Direção: Tom McCarthy

 Certos assuntos são difíceis e penosos. Quando a natureza humana mostra seu lado sombrio, doentio, acusar apenas resolve a questão?

No caso dos padres suspeitos de pedofilia em Boston, que o filme “Spotlight” encena, há vítimas que merecem que se faça justiça. Proteger crianças de pessoas perversas é um dever de todos. Mas tratar desse assunto de forma escandalosa a quem interessa?

Ora, quando o jornal “The Boston Globe” começa a ter baixa nas vendas em 2001 e muda de editor, os jornalistas de um grupo apelidado “Spotlight”, são chamados para escrever algo que faça a primeira página voltar a brilhar em suas manchetes.

Alguém se lembra de que notícias de casos de pedofilia na Igreja Católica em Boston, tinham aparecido no jornal há alguns anos. Mas a matéria não havia prosperado. Talvez fosse o caso de aprofundar a busca dessas notícias? Um escândalo envolvendo a Igreja Católica de Boston, com toda a força que ela tinha na cidade, certamente iria vender jornais.

O novo editor Marty Baron (Liev Schreiber) estimula então o grupo comandado por Walter Robinson (Michael Keaton), os jornalistas  Mike Rezendes (Mark Ruffalo), Sacha Pfeiffer (Rachel McAdams) e Matt Carroll (Brian d’Arcy James) a investigar o assunto e levantar documentos que possibilitassem ao jornal publicar o escândalo.
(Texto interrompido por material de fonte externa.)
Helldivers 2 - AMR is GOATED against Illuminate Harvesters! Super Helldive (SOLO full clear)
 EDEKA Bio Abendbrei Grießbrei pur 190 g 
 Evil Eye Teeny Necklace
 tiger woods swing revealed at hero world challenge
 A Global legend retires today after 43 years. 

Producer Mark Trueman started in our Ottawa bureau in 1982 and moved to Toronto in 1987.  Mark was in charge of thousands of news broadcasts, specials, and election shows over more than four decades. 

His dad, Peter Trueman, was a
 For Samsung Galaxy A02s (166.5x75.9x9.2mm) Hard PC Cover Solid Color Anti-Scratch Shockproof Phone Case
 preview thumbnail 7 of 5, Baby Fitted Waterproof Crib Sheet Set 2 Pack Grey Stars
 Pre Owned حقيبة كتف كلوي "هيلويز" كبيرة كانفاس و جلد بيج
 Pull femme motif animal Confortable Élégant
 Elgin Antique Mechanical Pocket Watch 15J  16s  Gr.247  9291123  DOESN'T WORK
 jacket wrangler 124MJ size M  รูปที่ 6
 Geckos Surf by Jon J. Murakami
O trabalho dos jornalistas foi árduo e longo. Extremamente dedicados, a ponto de prejudicar sua vida pessoal, eles pesquisam e chegam ao nome de algumas vítimas de abuso, ocorridos anos atrás, que preferiam o anonimato e são entrevistadas. A maioria é de pessoas desajustadas, de classes menos favorecidas e que culpam os fatos do passado por suas vidas destruídas.

Um grupo chefiado por uma dessas vítimas de abuso chega a dizer que elas são os “sobreviventes”. Muitos outros haveriam se suicidado.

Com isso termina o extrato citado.